After hearing about the incident in St. Anthony, Minnesota, Philadelphia playwright Kash Goins felt haunted. Soon, he began crafting a script for his newest play “Seventy IV Seconds… to judgment.” It will play at the Arden Theatre from Wednesday to Sept. 26.
The play is the second in a series of works by Goins that look at the United States justice system from an African-American perspective. The first work, “V to X,” examined the way laws are applied and enforced, enabling mass incarceration in for-profit prisons.
When 2003 master’s of acting alumna and acting and musical theater professor Amina Robinson was offered a job directing “Seventy IV Seconds,” she had no idea what was in store.
Initially, Goins told Robinson she would be directing a production of “12 Angry Men,” a 1950s movie about a deadlocked jury. She soon found out that Goins had written an original piece — one that questions the U.S. justice system.
“SEVENTY IV SECONDS” DIRECTOR
“He said, ‘Oh yeah, and I’m actually writing a piece.’ He had a completely new piece of theater,” Robinson said.
“Seventy IV Seconds” follows the story of six jurors deadlocked on a second-degree murder case. In the fictitious case, an officer stopped a driver and his mother. Shortly after an altercation, the mother is fatally shot.
“It speaks to how quickly we are able to pass judgment and make life-altering decisions,” she said. “It speaks to ingrained biases that we hold. … It questions the fairness of our justice system.”
The piece “touches on a really timely subject,” Robinson added.
She said that during the rehearsal process, topics would often pop up that she could “relate to things that were on the news yesterday.”
Robinson said the timeliness of the play made it “easier for the actors to connect” to the material, and also challenged actors to confront their own internal biases.
Robinson said working on the production allowed her to use her platform to promote change.
“I think a lot of times we sit down, and sort of feel helpless and wonder what we can do,” she said. “This moment is allowing me to feel like an advocate of change.”
Goins was influenced by incidents similar to the police shooting of Castile while writing the play, including the deaths of Trayvon Martin, Michael Brown and Eric Garner, he said.
“The most potent motivator” was the story of Kalief Browder, Goins said. Browder spent three years on Rikers Island, a maximum security prison, without being convicted of a crime. He endured nearly two years of solitary confinement, as well as the abuse of both officers and inmates. He committed suicide years after his release.
But the murder of Castile haunted Goins “even a little deeper,“ he said.
In November, Yanez, who shot Castile while his girlfriend and her daughter were in the car, was charged with three felonies. In June, he was acquitted of all charges.

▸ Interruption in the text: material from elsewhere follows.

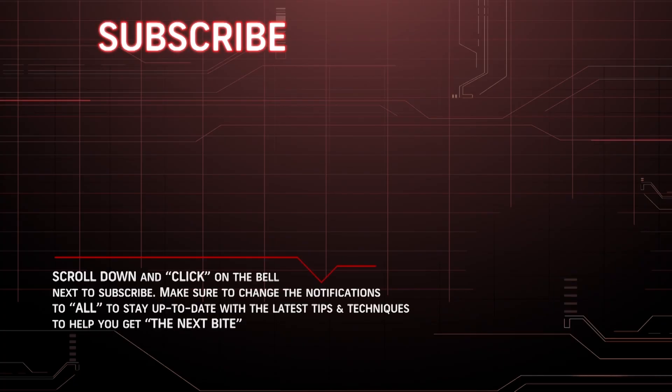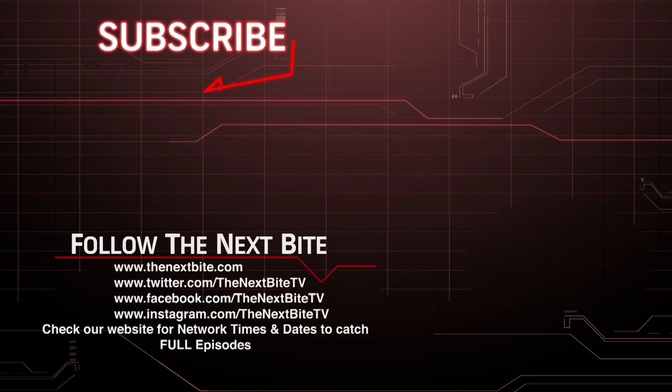Thanks for watching. Hit the subscribe button and click on the bell to stay up to date with the latest tips and techniques to help you get the next bite. I'll see you next time. Bye.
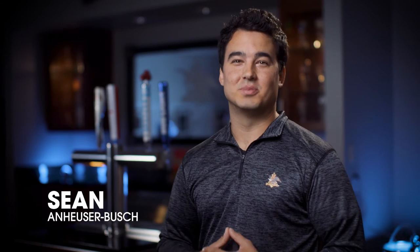Hi, my name is Sean with Anheuser-Busch. Today we're going to cover how to pour the perfect bottled beer into a glass.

Goins said he wants to leave the audience asking big questions.
“Why can a life-taking event occur between two strangers in a minute or so?” Goins said. “Why can jurors see evidence that suggests that a crime has occurred and return a verdict of not guilty?”
Robinson hopes the show will motivate audiences to take a fresh look at the justice system and explore their own biases.
“It takes effort to dismantle the system we are living under. And that’s not something that can happen with complacency on anyone’s part,” she said.
“I think that the current state of our country is directly tied to people’s inability or lack of willingness to talk to one another,” Goins said. “I want people who wouldn’t normally talk to each other to do just that.”